|photo by Sarah Flemming|
Maybe you have heard of gray water recycling before — its the reuse of 'gray water,' mostly for home landscape irrigation. Is this eco-friendly practice really a good idea? With all the graying substances that we add, anything from laundry detergent to fruit and vegetable residues, do we really want to put the things we rinse off and wash with into the soil?
There are many pros of gray water recycling. If of course saves water, and money. It allows households to irrigate shrubs and flowers without taxing the local clean water supply. Practicing gray water recycling also cuts down on your own environmental waste.

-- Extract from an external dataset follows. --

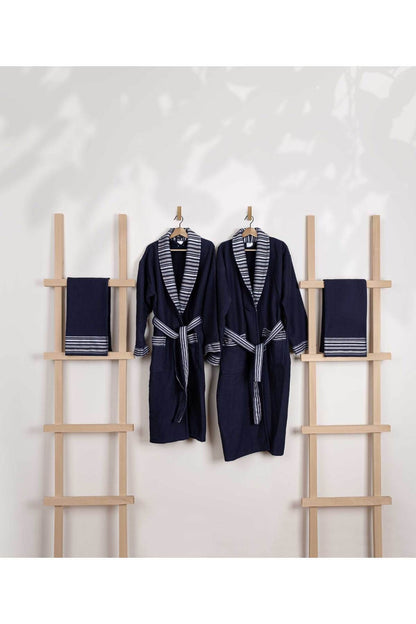 Limira Set of 4 Navy Blue Turkish Cotton Towel 2 Bathrobes (1 S-M)-(1 L-XL) 2 Towels 50x90 2241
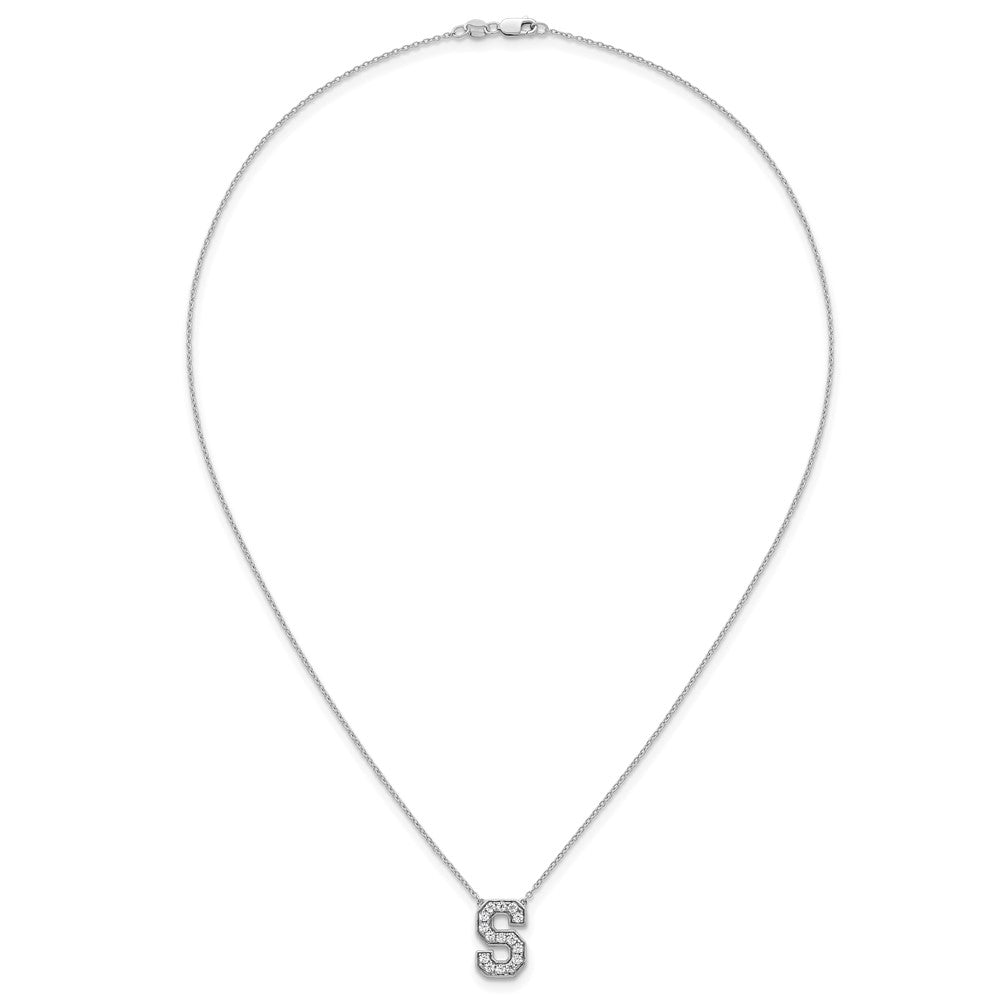 14kw 3/8ct Lab Grown Diamond VS+ F+ Comp Letter S 18in Initial Necklace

On the other hand, gray water is, well, dirty. It can be difficult to collect and move the used water without having a gray water system installed — and its really only well-suited for one household
|photo by Robert S Donovan|
If you use natural cleaning supplies, pesticide-free organic fruits and vegetables and have a lovely landscape to water — it may be a great idea to reuse water from the shower, bathroom sink and kitchen sink. Having a gray water system installed may even be worth it if you live in an area with little rainfall; this allows for an easy transfer of the used water from great gray water sources, the bathtub and washing machine, directly to the landscape. If gray water doesn't fit your specific lifestyle, there are still dozens of ways to cut down on your home water use.